100% Mortgages: Gift Or Curse?

The American dream is typically composed of a 9 to 5 high paying job, expensive cars, suburban homes, and luxurious vacations. For young adults who are just trying out in the real world, purchasing a home is deemed as a priority in achieving the American dream. However, buying a home requires tedious paper works, research, mortgage, savings, and fees. To make this excruciating purchase, a little more bearable and enjoyable basic information about home purchase should be defined.

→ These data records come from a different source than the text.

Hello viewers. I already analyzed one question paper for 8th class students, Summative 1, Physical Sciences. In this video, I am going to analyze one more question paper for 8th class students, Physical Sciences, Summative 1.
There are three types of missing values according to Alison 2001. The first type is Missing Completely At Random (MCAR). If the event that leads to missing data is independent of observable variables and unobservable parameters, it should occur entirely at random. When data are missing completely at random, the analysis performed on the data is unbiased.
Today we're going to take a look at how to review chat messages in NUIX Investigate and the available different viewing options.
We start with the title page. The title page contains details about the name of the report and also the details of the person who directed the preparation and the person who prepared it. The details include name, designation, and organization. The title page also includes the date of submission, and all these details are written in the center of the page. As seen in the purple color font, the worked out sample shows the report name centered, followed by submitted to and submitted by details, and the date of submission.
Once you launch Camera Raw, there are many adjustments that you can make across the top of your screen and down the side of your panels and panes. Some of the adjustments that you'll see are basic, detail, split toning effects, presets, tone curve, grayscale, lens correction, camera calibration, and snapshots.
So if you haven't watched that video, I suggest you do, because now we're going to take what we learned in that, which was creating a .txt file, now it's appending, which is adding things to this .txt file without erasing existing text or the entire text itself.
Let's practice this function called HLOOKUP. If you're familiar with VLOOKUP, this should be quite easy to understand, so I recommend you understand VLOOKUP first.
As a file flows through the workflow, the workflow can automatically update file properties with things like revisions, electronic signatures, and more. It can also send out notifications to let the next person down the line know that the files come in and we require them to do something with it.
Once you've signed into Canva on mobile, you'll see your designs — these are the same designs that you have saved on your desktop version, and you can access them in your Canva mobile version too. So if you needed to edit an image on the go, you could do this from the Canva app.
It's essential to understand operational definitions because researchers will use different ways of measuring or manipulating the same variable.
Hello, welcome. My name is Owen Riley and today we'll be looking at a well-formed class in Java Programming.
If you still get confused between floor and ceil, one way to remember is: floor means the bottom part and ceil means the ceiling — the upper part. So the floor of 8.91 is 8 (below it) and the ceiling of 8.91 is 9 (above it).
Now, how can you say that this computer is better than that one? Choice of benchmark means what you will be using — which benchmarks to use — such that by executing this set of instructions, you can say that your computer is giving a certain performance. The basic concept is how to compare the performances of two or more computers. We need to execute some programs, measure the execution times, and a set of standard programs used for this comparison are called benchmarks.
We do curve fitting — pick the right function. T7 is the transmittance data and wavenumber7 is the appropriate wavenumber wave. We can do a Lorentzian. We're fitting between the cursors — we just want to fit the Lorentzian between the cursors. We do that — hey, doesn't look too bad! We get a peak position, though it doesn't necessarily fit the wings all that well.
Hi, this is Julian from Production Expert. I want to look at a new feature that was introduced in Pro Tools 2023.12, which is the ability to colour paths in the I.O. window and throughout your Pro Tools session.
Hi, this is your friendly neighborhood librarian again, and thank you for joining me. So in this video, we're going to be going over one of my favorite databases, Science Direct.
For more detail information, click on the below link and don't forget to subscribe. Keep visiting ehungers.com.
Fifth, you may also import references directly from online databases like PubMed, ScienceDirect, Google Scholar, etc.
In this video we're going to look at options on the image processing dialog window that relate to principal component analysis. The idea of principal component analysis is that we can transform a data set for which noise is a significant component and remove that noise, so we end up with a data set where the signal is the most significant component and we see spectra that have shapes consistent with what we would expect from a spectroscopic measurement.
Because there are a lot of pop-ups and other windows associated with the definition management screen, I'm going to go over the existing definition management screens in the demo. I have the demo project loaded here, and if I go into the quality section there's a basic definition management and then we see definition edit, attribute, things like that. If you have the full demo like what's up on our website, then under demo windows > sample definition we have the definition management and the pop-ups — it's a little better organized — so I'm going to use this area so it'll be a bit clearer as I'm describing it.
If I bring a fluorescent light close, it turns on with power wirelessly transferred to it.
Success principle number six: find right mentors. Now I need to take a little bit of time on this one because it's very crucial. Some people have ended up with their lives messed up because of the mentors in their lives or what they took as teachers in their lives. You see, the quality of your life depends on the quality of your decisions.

Home mortgage is taking out loan from financial institution to pay off home purchase and often this particular home is used as collateral. Home repossession and foreclosure is done whenever homeowners are delinquent in payments in a specific agreed time frame and acts as a security for banks, credit unions and such. During the peak of house boom, financial institutions used the 100 percent mortgage program to entice buyers because of no deposit need. Other banks and institutions even offer 125% mortgage to provide cash for clients to furnish their newly purchases homes and pay for other fees. However, 100 percent mortgages are not always available in the circulation; it is often seen when house prices are on the rise in a conducive economic environment, but since recession by the mid 2007, institutions remove 100% mortgage option in the market. The financial crisis left many homeowners in a negative equity meaning the value of their home is less than that of their debts. Disadvantages of 100 mortgage program weren’t only shouldered by homeowners but also by lenders as well because foreclosed and repossessed homes are already below their expected value. Some financial experts investing advice would at times discouraged 100 percent mortgages due to its interest rates and fees.100% mortgage tends to have higher rates by 0.5 to 2% than a mortgage with deposit plus maturity period tends to be longer at an average of 30 years. In addition, there are penalty fees for paying the loans before the set maturity and additional proof of security like stocks, saving accounts, etc. are oftentimes necessary.

Unluckily, investors dealing in real estate market during the housing price hike were buying money due to the belief that housing market boom will be sustainable and continue to increase. Regrettably, this was not the case. Today, many housing prices are continually dipping even reaching 50% off the original value. Optimistic investors are taking advantage of this crisis. Many of them are purchasing properties in a low price plus the low interest rates in the bank may be an additional gain on their side.